*Task requirements*:
Return, without anything added, the lines from the one containing "Bright juicy pomegranate" through the end of the entries below, exactly as written.
####
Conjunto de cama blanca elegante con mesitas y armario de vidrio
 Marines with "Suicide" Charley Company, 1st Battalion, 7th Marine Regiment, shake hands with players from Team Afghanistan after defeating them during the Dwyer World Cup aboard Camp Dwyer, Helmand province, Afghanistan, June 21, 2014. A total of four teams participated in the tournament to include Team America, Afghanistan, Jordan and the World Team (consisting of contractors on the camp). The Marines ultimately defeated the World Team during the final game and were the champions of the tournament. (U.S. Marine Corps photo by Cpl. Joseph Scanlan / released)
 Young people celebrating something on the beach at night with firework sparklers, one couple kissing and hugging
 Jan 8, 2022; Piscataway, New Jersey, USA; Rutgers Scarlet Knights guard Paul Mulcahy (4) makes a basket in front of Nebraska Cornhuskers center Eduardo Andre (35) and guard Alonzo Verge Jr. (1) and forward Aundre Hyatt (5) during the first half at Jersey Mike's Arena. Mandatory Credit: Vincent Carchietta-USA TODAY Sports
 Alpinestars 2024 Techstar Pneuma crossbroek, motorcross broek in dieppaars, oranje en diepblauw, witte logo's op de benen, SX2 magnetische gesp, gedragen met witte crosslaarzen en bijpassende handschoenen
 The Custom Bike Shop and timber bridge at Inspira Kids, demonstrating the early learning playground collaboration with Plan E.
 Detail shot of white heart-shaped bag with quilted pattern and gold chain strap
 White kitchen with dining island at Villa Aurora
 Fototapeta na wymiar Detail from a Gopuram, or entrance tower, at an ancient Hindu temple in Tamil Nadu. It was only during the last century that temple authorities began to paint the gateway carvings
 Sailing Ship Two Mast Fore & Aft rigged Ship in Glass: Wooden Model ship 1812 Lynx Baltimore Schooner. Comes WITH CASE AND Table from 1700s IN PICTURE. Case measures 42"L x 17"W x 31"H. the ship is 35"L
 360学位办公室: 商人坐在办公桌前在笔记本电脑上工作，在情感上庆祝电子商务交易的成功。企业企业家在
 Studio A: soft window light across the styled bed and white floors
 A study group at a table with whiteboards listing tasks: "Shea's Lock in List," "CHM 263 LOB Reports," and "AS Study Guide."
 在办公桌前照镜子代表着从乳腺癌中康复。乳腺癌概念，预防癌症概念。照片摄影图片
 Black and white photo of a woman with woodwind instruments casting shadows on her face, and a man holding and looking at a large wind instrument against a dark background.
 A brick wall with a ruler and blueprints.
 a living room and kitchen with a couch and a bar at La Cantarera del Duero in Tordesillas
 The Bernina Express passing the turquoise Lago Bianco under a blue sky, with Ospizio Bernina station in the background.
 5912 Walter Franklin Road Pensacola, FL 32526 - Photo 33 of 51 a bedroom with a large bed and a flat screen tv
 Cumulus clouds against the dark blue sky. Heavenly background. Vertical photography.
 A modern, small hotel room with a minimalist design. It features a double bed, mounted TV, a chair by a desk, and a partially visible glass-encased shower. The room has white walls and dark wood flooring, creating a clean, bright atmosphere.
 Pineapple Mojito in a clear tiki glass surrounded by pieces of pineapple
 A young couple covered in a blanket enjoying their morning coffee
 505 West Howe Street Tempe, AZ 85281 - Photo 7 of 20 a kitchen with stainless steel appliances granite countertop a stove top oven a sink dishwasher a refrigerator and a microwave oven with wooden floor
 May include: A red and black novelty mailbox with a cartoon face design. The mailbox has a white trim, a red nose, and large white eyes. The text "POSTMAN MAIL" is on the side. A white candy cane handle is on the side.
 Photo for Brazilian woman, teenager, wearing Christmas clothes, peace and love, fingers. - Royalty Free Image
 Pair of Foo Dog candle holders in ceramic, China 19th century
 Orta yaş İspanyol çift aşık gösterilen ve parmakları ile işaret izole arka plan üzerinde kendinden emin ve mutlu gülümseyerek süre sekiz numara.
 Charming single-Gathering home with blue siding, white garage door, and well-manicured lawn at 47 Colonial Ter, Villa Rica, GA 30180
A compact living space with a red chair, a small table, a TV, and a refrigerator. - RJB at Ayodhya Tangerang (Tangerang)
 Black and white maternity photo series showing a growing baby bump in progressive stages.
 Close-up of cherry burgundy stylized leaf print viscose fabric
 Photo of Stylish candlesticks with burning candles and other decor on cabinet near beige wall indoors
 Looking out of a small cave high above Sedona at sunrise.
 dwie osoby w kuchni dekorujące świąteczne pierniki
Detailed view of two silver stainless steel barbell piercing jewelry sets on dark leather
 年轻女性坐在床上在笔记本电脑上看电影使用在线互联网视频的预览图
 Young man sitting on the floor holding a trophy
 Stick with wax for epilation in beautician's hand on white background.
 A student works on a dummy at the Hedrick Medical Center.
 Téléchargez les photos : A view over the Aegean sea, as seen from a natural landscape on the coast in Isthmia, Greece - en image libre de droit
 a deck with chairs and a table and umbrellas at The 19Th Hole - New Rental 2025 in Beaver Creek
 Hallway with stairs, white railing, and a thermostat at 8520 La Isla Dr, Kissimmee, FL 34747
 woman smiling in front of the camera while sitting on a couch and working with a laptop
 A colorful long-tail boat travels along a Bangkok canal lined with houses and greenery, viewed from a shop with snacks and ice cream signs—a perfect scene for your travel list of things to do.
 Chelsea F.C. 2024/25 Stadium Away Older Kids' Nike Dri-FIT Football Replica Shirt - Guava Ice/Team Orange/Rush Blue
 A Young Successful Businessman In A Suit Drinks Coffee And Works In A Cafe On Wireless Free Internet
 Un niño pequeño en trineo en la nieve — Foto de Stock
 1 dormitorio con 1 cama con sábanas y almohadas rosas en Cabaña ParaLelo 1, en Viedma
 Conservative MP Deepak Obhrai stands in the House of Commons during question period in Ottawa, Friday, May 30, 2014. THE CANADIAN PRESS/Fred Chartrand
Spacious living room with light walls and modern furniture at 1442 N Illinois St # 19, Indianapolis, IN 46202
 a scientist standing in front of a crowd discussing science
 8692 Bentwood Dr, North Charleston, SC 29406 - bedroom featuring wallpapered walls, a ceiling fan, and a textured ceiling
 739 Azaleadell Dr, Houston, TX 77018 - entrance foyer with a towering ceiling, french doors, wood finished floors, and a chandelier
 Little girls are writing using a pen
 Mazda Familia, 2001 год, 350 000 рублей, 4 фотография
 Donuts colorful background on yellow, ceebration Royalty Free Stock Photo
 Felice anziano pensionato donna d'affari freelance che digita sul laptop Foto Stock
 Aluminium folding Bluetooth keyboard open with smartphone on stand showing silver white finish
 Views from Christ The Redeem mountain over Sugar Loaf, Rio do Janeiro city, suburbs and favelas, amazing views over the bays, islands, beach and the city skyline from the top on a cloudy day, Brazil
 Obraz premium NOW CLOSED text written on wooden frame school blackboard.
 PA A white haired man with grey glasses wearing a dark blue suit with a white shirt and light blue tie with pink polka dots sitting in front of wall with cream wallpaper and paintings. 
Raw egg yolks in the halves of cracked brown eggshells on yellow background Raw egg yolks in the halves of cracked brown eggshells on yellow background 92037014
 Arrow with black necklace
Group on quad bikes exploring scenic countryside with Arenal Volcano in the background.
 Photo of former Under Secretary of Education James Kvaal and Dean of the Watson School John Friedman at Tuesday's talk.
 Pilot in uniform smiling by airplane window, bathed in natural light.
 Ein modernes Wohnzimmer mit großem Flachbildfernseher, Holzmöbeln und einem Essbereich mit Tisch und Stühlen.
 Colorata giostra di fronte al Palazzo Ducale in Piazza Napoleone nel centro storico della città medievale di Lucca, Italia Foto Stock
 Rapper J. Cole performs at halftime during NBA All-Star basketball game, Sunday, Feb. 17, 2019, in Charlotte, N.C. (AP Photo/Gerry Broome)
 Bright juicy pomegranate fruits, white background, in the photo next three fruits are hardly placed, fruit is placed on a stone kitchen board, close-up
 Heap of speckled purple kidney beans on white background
####
*Reply to the task*:
 Bright juicy pomegranate fruits, white background, in the photo next three fruits are hardly placed, fruit is placed on a stone kitchen board, close-up
 Heap of speckled purple kidney beans on white background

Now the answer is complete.